DATA SECTION:
────────────────────────────────────────
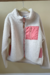 Campera peluda beige con bolsillo rosado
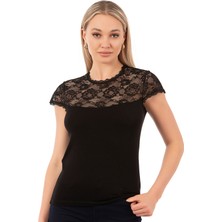 Özkan 7371 Kadın Premium Yumuşak Rahat Kumaş Viskon Dantel Detaylı Kısa Kollu Örme Bluz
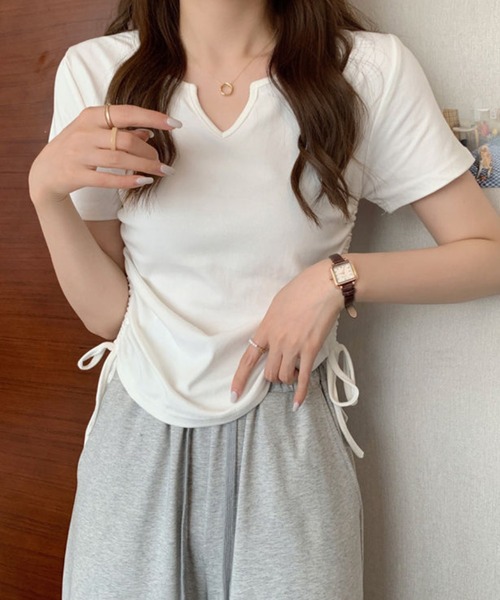 Mignonjour(ミニョンジュール)の「FReePLACe/サイドシャーリングトップス X12238(Tシャツ/カットソー・レディース・ブラック/ホワイト・LARGE/MEDIUM)」の2枚目の写真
────────────────────────────────────────
WORK TO COMPLETE:
Wording must stay exact. Give again the lines from the line with "Özkan 7371 Kadın" through the last line of the listing, both ends included, without pictures.

ANSWER TO THE EXERCISE:
 Özkan 7371 Kadın Premium Yumuşak Rahat Kumaş Viskon Dantel Detaylı Kısa Kollu Örme Bluz
 Mignonjour(ミニョンジュール)の「FReePLACe/サイドシャーリングトップス X12238(Tシャツ/カットソー・レディース・ブラック/ホワイト・LARGE/MEDIUM)」の2枚目の写真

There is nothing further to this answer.